**PROBLEM DETAILS**
Which lines below contain "channel"? Copy every one of them.

(Saved data entries)
★ ★ ★

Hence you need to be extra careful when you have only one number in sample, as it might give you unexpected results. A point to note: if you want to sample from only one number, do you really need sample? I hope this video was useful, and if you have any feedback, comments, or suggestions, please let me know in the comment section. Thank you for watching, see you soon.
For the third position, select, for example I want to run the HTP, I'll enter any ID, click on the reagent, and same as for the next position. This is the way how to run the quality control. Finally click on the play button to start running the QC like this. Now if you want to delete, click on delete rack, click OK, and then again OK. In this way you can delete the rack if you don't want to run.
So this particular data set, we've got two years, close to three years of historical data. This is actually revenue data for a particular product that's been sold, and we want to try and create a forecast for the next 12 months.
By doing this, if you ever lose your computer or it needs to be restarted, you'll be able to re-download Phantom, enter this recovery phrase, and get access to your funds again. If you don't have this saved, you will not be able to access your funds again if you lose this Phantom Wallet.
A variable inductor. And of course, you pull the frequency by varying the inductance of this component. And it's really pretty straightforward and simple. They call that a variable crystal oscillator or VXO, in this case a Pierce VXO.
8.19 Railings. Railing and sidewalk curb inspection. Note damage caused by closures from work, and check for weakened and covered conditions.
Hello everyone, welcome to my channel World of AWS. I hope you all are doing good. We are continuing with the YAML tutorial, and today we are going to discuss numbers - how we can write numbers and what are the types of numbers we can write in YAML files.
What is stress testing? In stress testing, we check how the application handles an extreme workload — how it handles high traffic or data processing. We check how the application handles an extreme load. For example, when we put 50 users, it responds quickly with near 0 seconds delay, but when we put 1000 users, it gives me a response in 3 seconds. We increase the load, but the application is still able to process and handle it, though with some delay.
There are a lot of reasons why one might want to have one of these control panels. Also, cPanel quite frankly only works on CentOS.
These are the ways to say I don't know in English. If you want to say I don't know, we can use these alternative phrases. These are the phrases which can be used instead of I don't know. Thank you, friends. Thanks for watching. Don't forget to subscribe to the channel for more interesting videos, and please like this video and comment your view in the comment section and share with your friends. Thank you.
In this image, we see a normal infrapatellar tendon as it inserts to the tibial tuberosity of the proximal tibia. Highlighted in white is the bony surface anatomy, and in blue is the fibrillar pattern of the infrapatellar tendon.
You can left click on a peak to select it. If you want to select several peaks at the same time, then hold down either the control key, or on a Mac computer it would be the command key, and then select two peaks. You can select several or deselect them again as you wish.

★ ★ ★

**RESPONSE BOX**
Hello everyone, welcome to my channel World of AWS. I hope you all are doing good. We are continuing with the YAML tutorial, and today we are going to discuss numbers - how we can write numbers and what are the types of numbers we can write in YAML files.
These are the ways to say I don't know in English. If you want to say I don't know, we can use these alternative phrases. These are the phrases which can be used instead of I don't know. Thank you, friends. Thanks for watching. Don't forget to subscribe to the channel for more interesting videos, and please like this video and comment your view in the comment section and share with your friends. Thank you.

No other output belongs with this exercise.